» TASK DETAILS
Apart from any images, the entries are to be output exactly.

[Excerpts from a dataset]
□ □ □

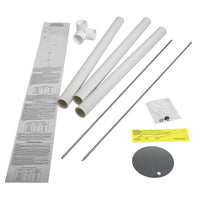 Estes Rockets Pro Series II Launch Pad 003552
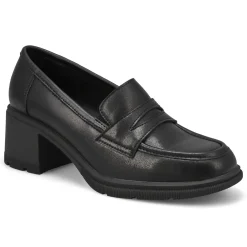 Maddison Style Helena Women|Women Shoes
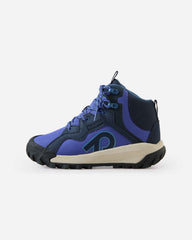 Kulkuri Mid - Kids' ReimaTec shoes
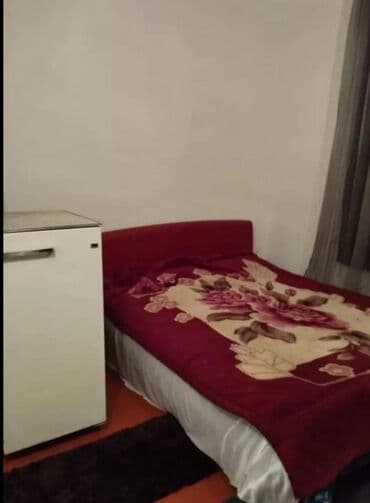 по часовая снять квартир: 1 комната, Агентство недвижимости, Без подселения, С мебелью частично — 2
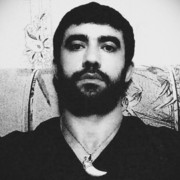 ���������� ����, ���� ������� Ruslan, 39 ���, ������������ ��� ������, ����� � ���������, c�������� ���������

□ □ □

» RESPONSE TO THE EXERCISE
 Estes Rockets Pro Series II Launch Pad 003552
 Maddison Style Helena Women|Women Shoes
 Kulkuri Mid - Kids' ReimaTec shoes
 по часовая снять квартир: 1 комната, Агентство недвижимости, Без подселения, С мебелью частично — 2
 ���������� ����, ���� ������� Ruslan, 39 ���, ������������ ��� ������, ����� � ���������, c�������� ���������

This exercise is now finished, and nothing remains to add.